# The Statement Cheek



## itsmeg (Jul 31, 2015)

[h=2]*This is your guide to bright, BOLD blushes that make a statement for the Summer!*






[/h]   
  We wanted to switch it up a bit and put down our Ruby Woo and Candy Yum Yum lipsticks for a pop of color on our cheeks instead! We know it's extremely difficult to pull off an intense blush, without looking like a clown or being embarrassed to rock it, so we put together a guide based on your personal style! *Check it out below*







*the trendsetter *(You're the Carrie Bradshaw of your town. You start a new trend, or are the first to now about them) - _purple/lilac  _

_Try Marc Jacobs Shameless Blush in Outspoken or Clinique Cheek Pop in Pansy Pop_






 







*the risk taker* (Think Nicki Minaj.
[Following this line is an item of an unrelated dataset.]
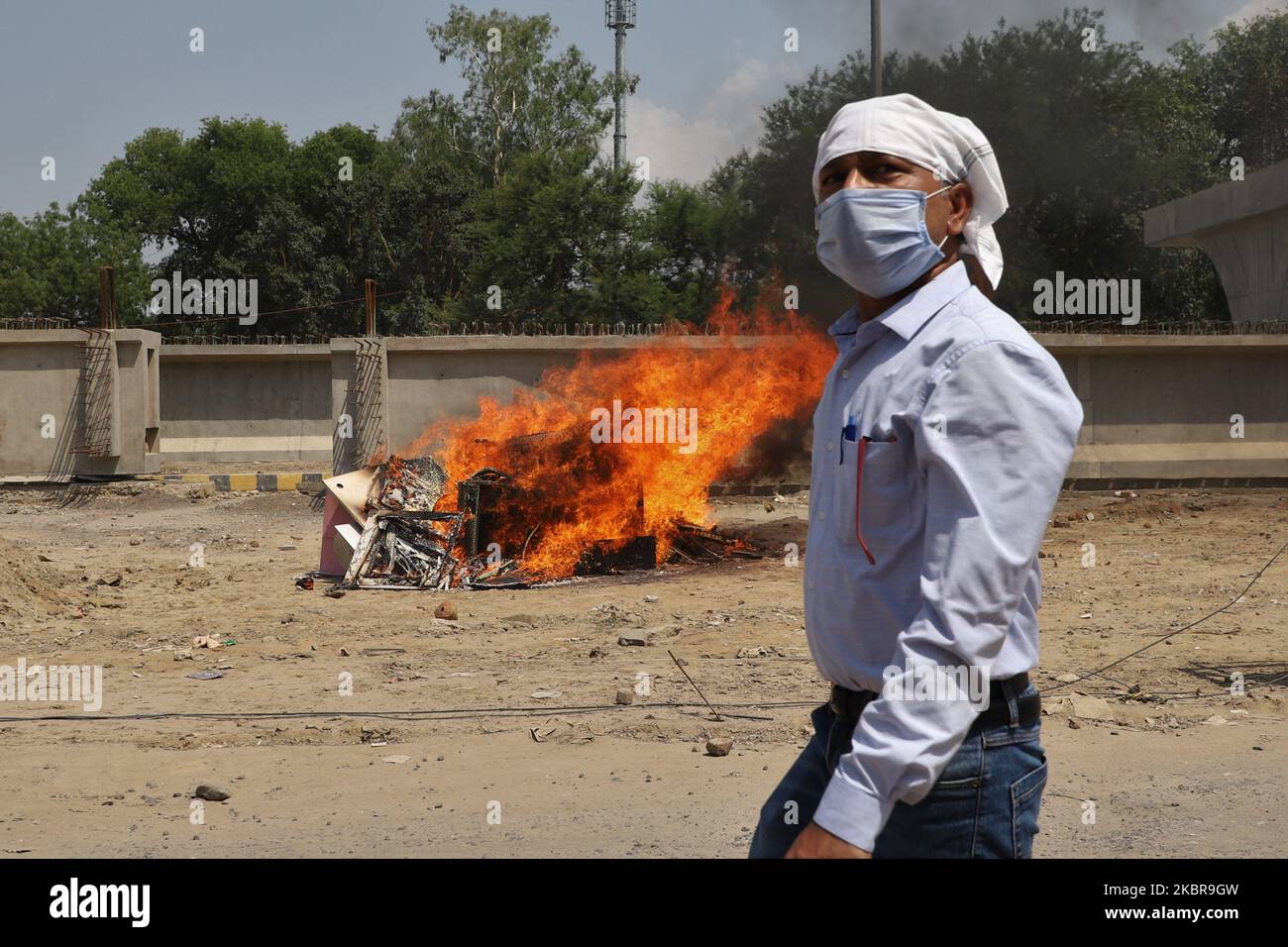 A man wearing a mask walks past the burned chinese products during a protest against Chinese President Xi Jinping in Gurugram on the outskirts of New Delhi, India on 17 June 2020. Seventeen Indian Army soldiers have succumbed to their injuries suffered during the India-China face-off at Galwan Valley in Eastern Ladakh, taking the casualty figure on the Indian side to 20. (Photo by Nasir Kachroo/NurPhoto) Stock Photo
Fearless to try new things, regardless if it's in season or not) - _red_

_Try Tarte Amazonian Clay 12-hr Blush in Natural Beauty or Milani Baked Blush in Bella Rosa_














*the free spirited* (A colorful version of boho. A happy-go-lucky that brings joy to any setting! Your favorite color is bright and bold) - orange

_Try Colourpop Super Shock Cheek in Tongue Tied or Clinique Cheek Pop in Peach Pop_














*the bohemian *(You love earthy colors - you can't leave the house without ankle boots, a floppy hat, and a braid)- peach

_Try Laura Gellar Baked Gelato Vivid Swirl Blush in Cantaloupe or Clinique Cheek Pop in Melon Pop_














*the classical *(You tend to stick with the basic glam essentials - think Jackie O., pearl necklaces, and blazers) - pink

_Try Nars Starscape, Glamorous Chicks Cosmetics Baked Blush in Tulip*, Colourpop Super Shock Cheek in Mochi, or Eddie Funkhouser Ultra Intensity Cheek Color in Peep Show*_













*the playful* (You aren't afraid to mix everything under the sun - florals and strips, lace and leather, camo and plaid) - blushes with hints of shimmer/sheen

_Try Glamorous Chicks Cosmetics Baked Blush in Nectar*, Becca Shimmering Skin Perfector Pressed in Blushed Copper, or MAC Mineralize Blush in Petal Power_











  *Please note that the asterisk indicates that we have received this sample for review purposes. Our reviews are 100% honest and we do not accept money in exchange for our opinions. 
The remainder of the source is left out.